Que voilà un film étonnant ! Mélangeant plusieurs genres, du western contemporain au brûlot politique, en passant par le thriller gore, Bacurau est la plus récente offrande de Kleber Mendonça Filho, l’un des chefs de file du cinéma brésilien, déjà remarqué grâce à ses deux premiers longs métrages, Les bruits de Recife et Aquarius

Pour porter à l’écran ce projet de film sur lequel il a travaillé pendant 10 ans, le cinéaste s’est adjoint les services du directeur artistique Juliano Dornelles à la réalisation. Ce dernier, fidèle collaborateur depuis le début, signe aussi le scénario de ce film dont l’histoire, campée dans un petit village du sertão brésilien, est née d’une envie d’aborder les disparités sociales en imaginant la vengeance d’une population habituellement méprisée envers ses oppresseurs.
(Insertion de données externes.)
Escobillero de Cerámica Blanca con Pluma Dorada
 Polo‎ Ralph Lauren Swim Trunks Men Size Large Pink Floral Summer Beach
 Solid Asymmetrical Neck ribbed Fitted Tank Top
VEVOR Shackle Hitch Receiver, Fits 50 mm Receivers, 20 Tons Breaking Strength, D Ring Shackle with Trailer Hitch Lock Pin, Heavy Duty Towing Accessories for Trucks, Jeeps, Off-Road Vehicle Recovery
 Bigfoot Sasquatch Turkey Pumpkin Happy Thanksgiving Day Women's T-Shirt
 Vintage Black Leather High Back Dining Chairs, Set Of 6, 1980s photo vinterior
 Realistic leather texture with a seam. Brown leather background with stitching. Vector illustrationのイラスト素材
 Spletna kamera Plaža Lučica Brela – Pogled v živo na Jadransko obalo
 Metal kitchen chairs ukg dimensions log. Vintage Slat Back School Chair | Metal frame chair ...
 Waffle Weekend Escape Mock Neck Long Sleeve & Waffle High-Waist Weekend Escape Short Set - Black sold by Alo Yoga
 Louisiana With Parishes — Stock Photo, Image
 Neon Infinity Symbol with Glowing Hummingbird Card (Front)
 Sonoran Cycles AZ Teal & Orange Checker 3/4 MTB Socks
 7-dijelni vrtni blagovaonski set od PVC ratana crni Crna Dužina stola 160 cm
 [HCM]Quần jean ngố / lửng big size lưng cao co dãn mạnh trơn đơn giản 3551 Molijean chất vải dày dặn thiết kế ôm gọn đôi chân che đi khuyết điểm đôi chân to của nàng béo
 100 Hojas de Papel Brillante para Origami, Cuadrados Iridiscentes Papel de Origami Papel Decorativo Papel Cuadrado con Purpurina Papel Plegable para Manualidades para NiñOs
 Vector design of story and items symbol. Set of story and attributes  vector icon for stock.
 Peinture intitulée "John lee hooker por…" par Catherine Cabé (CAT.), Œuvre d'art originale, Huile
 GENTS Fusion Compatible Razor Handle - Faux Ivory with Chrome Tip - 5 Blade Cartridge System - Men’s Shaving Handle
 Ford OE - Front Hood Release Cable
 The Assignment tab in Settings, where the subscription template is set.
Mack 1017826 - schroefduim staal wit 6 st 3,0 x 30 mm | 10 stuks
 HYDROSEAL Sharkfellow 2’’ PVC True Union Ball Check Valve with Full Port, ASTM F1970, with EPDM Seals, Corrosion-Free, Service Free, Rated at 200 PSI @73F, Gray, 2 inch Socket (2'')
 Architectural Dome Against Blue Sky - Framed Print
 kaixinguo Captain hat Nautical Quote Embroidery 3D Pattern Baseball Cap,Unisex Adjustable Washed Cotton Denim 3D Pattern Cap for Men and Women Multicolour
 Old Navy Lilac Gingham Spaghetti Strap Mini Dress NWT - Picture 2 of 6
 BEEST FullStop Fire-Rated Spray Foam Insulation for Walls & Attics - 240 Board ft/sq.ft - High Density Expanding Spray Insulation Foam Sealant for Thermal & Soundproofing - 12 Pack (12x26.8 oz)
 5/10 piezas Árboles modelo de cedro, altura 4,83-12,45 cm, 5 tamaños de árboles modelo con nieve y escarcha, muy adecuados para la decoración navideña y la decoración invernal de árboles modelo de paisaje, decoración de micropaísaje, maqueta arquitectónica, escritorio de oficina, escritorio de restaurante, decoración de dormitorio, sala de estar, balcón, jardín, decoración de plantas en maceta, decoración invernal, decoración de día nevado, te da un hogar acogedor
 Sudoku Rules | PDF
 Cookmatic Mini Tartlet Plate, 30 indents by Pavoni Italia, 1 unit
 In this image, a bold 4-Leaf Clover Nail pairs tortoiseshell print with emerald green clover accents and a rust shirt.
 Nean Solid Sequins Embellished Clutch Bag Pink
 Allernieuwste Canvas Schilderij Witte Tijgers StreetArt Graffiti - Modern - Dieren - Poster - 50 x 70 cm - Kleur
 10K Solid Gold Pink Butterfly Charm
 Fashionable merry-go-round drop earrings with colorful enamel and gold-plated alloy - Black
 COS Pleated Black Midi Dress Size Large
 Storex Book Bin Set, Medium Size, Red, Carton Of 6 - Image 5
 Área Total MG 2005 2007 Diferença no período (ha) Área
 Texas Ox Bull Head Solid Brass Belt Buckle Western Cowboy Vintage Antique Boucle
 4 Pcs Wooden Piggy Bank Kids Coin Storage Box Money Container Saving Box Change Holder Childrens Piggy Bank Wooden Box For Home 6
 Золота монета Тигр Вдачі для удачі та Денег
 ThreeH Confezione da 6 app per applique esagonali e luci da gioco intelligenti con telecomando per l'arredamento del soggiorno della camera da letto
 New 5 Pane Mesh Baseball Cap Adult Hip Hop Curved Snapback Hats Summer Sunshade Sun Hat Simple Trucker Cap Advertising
L’action se situe dans le petit village isolé de Bacurau, situé dans une région aride du nord-est du Brésil. L’aïeule, âgée de 94 ans, vient de mourir. Dans cette fable dystopique légèrement futuriste, dont l’action se déroule « dans quelques années », la disparition de la matriarche entraîne quelques phénomènes un peu étranges, notamment la disparition totale du village sur les réseaux de géolocalisation et les cartes toponymiques.

Dans ce récit d’abord construit autour de la vie quotidienne d’habitants encore coincés avec des problèmes d’approvisionnement en eau, la tension s’accélère le jour où se pointe un politicien véreux cherchant à se faire réélire. Dès lors, les coréalisateurs instaurent une atmosphère de Far West, après que des coups de feu entendus au loin eurent fait cinq victimes. L’histoire emprunte aussi une tournure surréaliste et sinistre quand il appert que les deux assassins, venus de São Paulo, font partie d’une organisation chargée d’orchestrer une chasse des villageois au profit de touristes américains. Ah oui, le village est aussi survolé par des drones qui ont l’air de soucoupes volantes sorties d’un mauvais film de série B.

Étrange et déstabilisant

Truffé de références, notamment au cinéma de Sergio Leone, Sam Peckinpah et John Carpenter (la pièce Night, composée par le réalisateur d’Assault on Precinct 13, est d’ailleurs entendue), mâtiné d’une approche outrancière à la Tarantino, Bacurau est un film étrange, déstabilisant, extrêmement violent, duquel on ne peut pourtant pas décrocher, malgré toutes ses bizarreries.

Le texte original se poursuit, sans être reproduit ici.